[What the exercise asks]: Find the word "scarf" in the listing; pull out each line holding it.

[Data extract]:
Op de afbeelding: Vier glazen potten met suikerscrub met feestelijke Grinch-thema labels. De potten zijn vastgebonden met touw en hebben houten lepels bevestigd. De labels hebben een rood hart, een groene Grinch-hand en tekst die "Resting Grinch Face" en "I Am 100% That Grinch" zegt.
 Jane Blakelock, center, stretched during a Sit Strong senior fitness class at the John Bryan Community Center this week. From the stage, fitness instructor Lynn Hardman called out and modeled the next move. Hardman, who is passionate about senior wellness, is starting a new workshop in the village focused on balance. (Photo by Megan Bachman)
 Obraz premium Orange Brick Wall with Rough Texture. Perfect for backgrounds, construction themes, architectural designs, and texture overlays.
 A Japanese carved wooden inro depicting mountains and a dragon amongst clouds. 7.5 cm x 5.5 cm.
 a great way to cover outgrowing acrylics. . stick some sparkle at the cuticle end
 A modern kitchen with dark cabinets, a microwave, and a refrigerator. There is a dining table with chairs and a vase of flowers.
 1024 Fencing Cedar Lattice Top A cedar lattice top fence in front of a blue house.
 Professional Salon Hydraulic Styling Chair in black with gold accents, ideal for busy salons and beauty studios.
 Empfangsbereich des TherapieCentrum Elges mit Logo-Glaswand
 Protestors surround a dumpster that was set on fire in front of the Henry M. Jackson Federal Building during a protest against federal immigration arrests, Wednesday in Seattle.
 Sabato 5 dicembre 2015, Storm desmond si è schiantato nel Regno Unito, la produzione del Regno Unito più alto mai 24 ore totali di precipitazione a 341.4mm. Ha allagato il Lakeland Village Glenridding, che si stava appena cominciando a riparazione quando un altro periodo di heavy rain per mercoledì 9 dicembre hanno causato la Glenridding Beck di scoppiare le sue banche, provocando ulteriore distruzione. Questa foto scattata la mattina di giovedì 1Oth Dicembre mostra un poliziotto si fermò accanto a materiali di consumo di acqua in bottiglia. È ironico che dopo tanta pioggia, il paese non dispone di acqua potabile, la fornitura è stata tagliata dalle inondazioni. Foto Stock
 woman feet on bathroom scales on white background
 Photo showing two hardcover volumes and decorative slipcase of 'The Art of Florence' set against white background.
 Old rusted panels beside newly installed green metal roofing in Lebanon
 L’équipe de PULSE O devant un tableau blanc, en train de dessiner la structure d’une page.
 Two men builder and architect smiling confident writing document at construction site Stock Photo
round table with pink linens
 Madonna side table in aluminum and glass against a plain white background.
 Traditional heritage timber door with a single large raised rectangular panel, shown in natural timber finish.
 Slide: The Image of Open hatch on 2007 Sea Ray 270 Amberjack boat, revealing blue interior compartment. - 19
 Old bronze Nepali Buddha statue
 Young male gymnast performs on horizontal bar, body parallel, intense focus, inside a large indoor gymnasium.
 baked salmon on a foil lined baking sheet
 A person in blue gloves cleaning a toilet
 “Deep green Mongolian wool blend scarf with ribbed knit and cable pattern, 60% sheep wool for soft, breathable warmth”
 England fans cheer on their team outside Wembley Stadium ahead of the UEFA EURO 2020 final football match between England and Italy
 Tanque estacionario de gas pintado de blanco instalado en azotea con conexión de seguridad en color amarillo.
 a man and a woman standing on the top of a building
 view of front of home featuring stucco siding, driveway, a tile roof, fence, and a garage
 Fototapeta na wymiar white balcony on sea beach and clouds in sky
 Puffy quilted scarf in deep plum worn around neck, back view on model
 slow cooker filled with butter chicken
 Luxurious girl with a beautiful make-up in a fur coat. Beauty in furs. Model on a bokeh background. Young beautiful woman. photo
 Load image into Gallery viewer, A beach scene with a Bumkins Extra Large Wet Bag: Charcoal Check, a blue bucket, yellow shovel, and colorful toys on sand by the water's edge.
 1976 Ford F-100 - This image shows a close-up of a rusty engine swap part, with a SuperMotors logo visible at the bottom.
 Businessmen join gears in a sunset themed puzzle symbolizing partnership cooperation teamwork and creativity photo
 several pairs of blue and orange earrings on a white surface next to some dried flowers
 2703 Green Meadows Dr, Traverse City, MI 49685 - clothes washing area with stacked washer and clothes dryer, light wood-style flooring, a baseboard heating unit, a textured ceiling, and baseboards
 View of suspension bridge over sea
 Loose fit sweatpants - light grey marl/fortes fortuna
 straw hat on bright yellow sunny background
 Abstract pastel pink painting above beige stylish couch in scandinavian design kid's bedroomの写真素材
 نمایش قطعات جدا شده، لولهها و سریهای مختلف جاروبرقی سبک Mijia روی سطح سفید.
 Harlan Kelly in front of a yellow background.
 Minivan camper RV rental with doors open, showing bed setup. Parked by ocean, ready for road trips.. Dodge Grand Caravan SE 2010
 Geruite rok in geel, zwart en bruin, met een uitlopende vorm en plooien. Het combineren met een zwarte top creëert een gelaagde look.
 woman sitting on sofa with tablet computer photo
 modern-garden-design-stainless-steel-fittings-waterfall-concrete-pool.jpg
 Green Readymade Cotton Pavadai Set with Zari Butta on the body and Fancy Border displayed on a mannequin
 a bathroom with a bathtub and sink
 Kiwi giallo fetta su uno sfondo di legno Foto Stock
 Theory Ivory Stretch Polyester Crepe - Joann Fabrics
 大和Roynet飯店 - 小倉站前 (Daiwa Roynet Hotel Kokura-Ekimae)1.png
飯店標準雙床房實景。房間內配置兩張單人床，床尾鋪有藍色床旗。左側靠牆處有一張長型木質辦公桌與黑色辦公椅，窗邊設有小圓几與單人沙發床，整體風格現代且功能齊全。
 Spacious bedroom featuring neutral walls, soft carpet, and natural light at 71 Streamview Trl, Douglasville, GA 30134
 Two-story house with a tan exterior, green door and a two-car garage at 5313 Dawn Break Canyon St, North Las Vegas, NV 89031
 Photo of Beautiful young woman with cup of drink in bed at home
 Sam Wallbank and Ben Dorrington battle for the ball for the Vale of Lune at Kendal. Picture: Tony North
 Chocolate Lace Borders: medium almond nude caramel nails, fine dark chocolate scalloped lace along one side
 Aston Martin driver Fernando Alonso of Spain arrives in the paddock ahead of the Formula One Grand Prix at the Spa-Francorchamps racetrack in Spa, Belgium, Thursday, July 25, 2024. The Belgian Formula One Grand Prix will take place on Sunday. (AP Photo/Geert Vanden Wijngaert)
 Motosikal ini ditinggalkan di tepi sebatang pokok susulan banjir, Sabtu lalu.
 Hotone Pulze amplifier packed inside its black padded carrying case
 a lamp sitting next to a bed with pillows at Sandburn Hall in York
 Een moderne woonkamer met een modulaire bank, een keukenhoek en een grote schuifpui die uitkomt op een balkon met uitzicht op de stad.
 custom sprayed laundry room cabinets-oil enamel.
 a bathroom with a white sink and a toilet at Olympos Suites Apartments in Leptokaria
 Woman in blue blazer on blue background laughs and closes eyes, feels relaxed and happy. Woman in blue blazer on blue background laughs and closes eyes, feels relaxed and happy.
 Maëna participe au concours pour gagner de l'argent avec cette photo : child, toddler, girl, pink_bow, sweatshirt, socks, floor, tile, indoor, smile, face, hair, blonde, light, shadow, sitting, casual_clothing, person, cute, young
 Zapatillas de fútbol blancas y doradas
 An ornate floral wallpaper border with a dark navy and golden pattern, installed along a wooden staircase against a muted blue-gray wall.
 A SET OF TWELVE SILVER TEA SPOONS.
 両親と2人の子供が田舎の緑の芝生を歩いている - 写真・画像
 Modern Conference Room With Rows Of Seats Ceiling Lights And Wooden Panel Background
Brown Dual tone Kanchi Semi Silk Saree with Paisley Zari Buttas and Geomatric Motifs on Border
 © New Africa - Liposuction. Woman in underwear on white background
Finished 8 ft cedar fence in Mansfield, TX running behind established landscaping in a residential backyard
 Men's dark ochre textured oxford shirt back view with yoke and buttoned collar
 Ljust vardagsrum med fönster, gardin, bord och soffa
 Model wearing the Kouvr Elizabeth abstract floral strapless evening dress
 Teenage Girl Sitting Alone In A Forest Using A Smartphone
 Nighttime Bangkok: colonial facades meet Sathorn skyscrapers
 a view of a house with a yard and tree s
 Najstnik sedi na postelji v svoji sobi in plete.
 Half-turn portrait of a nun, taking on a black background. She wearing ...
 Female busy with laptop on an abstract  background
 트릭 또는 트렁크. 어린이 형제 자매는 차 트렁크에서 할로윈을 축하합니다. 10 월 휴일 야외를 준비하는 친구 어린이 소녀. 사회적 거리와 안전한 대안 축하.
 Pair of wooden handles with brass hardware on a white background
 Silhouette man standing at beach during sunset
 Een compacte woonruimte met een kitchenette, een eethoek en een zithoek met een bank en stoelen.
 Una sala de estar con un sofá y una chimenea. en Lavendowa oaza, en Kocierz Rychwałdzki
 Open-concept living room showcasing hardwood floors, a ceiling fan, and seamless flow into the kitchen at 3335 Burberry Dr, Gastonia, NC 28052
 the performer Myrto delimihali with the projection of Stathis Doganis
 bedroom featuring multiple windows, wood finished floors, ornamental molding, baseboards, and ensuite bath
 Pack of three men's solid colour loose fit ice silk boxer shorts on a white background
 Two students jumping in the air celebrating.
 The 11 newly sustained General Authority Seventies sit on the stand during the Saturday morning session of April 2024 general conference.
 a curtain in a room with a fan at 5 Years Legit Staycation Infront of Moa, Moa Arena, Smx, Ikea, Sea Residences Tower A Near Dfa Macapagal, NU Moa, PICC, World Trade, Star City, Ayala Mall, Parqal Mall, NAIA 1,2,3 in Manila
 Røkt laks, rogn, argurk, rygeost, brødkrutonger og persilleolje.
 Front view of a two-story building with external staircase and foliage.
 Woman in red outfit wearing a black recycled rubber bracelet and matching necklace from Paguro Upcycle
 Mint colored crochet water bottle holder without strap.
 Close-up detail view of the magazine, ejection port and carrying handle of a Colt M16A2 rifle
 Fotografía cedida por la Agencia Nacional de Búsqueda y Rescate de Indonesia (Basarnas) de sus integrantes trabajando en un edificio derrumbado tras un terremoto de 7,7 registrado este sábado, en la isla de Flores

[Exercise answer]:
 “Deep green Mongolian wool blend scarf with ribbed knit and cable pattern, 60% sheep wool for soft, breathable warmth”
 Puffy quilted scarf in deep plum worn around neck, back view on model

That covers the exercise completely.